Durch diesen einzigen wirklichen Fahrfehler mit Folgen verspielte man alle Chancen auf den Volvocuptitel, da der designierte Gesamtsieger Thomas Steinmayer, ebenfalls auf der SP Horn Sprint seinen Elch unweit der Ausfahrt des Ringes ebenfalls massiv in einen Acker parkte, aus dem es ohne Traktor kein Entrinnen gab.

Alle weiteren Sonderprüfungsbestzeiten der Volvos halfen dem Duo Gschwandner/Jesacher nichts mehr.

Markus Stachl/Andreas Hadinger fuhren ihre das ganze Jahr angewendete und bewährte Defensivtaktik nach Hause und verteidigten dadurch den Titel.

Gschwandner/Jesacher hatten auf SP 14 noch ein Erlebnis der besonderen Art, als man auf den einige Autos zuvor gestarteten Clubkameraden Michael Böhm auflief, der den Dieselstaatsmeistertitel vor Augen auf Grund eines Defektes das linke Vorderrad verlor und versuchte die SP auf drei Räder zu Ende zu fahren.

Allerdings grub sich der Punto mit der Bremsscheibe in einer Rechts 2 im Schotter fest.

Da die Strecke komplett blockiert war, nahm man das Ersuchen eines Streckenpostens wahr und versuchte nachdem die SP unterbrochen war, den weidwunden Punto ins Ziel zu schleppen.

Es ging mit 80 bis 100 km/h durch den Wald.
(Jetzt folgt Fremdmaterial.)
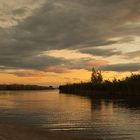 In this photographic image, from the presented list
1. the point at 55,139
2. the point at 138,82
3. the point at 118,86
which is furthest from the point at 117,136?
the point at 118,86

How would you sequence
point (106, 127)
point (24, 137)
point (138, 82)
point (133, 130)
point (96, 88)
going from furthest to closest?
point (96, 88) → point (138, 82) → point (106, 127) → point (133, 130) → point (24, 137)

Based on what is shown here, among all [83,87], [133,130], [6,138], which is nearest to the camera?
[6,138]

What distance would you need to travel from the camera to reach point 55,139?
25188 millimetres

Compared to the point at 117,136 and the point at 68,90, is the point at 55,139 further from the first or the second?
the point at 68,90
Das Publikum staunte nicht schlecht über den röhrenden Elch mit dem italienischen Boliden am Haken.

Dieses Unterfangen wurde dann aber ca. 1 km vor dem Ziel von einem Funkposten untersagt!

Schade um Michi und den Titel!

Auf der vorletzten SP hatte das Duo Gschwandner/Jesacher 2km vor dem Ziel

noch einen Platten welcher dann nach dem Ziel gewechselt wurde.

Zuletzt fuhr man auf Grund der Streckenverhältnisse und der unglücklich

platzierten Platzscheinwerfer die Superstage im Blindflug und schlug dabei aber trotzdem noch einen Quattro S2.

Die Saison beendet man im inoffiziellen Volvo Cup, welchen sich nach dem Querelen rund um Nochcupchef Rumpler alle Teilnehmer heuer angeschlossen haben an dritter Stelle, hinter Stachl/Hadinger und Steinmayer/Wagner.

Georg und Simone danken den Sponsoren Sonn & Partner und der Fahrschule Wiener Neudorf für die Unterstützung in der Saison 2007.

Weiters Dank gebührt den Herren des perfekten Service Gold Bernhard, Pawloy Peter und Servicechef Vondracek Herwig.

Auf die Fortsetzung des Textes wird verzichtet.